Breault Research Organization Supports Optics Research, Teaching at UC Merced
MERCED - The University of California, Merced, has received a major donation from an Arizona software company that will assist with research and facilitate teaching students at all levels in the field of non-imaging optics. Breault Research Organization (BRO) has given the university a donation package worth more than half a million dollars.
Professor Roland Winston and other UC Merced personnel will use the BRO gift to support their research and teaching in the field of non-imaging optics, a discipline that underlies some of the most useful new designs in solar energy, among other applications.
"BRO is one of the industry leaders that is enabling companies to envision, design and test complex optical systems," Winston said. "Dr. Robert P. Breault, the president and founder of the company, is an early adopter of non-imaging optics. His vision and leadership has been an inspiration to the industry. The company's gift will enable us both to continue pressing forward in non-imaging optics research and to prepare our students to work on industrial applications of non-imaging optics."
Jeff Wright, dean of the School of Engineering and director of the Energy Center at UC Merced, agreed. "Roland Winston's research group is at the forefront of nonimaging optics and advanced solar concentration analysis," he said. "With the tools provided by BRO's generous gifts, they will continue their research leadership in this increasingly important field and proceed to design additional useful applications to benefit our communities. Most important, they are educating top students at UC Merced to accomplish even more in decades to come."

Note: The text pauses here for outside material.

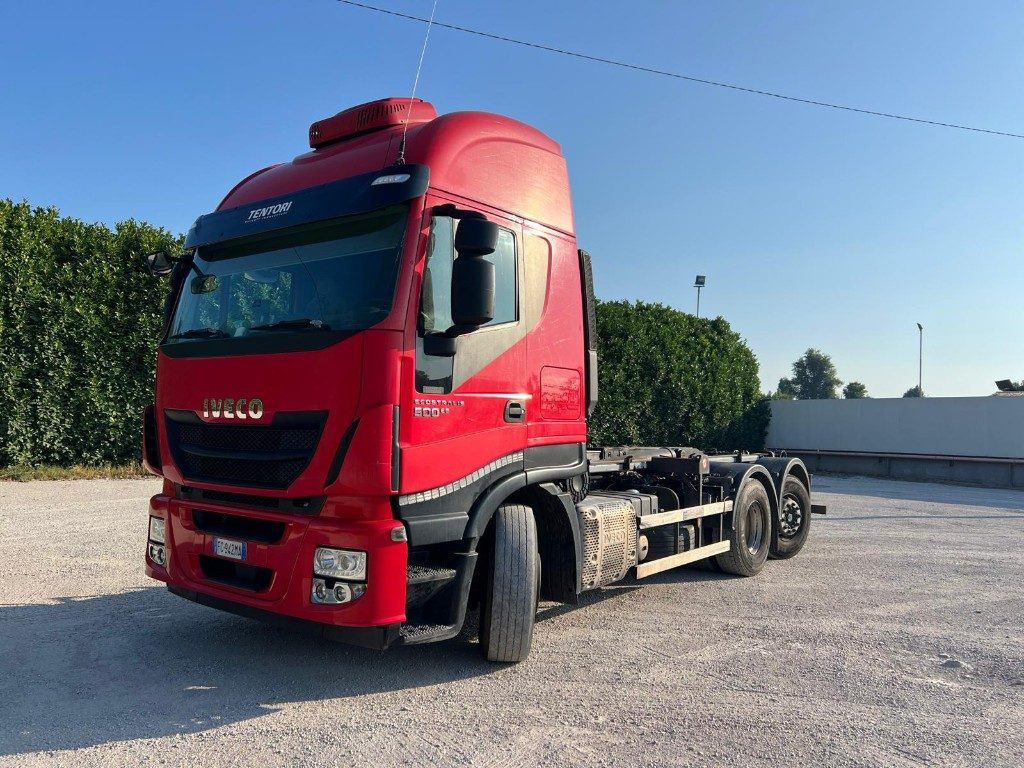 IVECO STRALIS 500 SCARRABILE - Крюковой мультилифт: фото 1 IVECO STRALIS 500 SCARRABILE - Крюковой мультилифт: фото 1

BRO's Advanced Systems Analysis Program software, widely known in the optical engineering industry, is a high-level modeling program for physical optics, imaging, and illumination systems. It helps engineers to design solar collectors, medical optics devices, optical environmental sensors, and more, and then test their designs in computer simulations and analyze the results of their tests. Its highly specialized and advanced functions make it a useful tool for advanced engineering education in optics.
"The optics industry needs outstanding research of the quality we see from Roland Winston. We also need prepared workers to implement that research into useful solutions," said BRO CEO Kathleen Perkins. "We're pleased to open the opportunity for UC Merced students to become familiar with the tools they will likely use throughout their engineering careers."
BRO has also provided on-site training for users of the software at UC Merced. One of the company's top optical engineers, Jon Herlocker, Ph.D. visited Merced in early May to train Winston and other users. The training aspect of the gift will allow students and faculty members here to get up and running with the software in the university's first official year of operation, beginning in Fall 2005.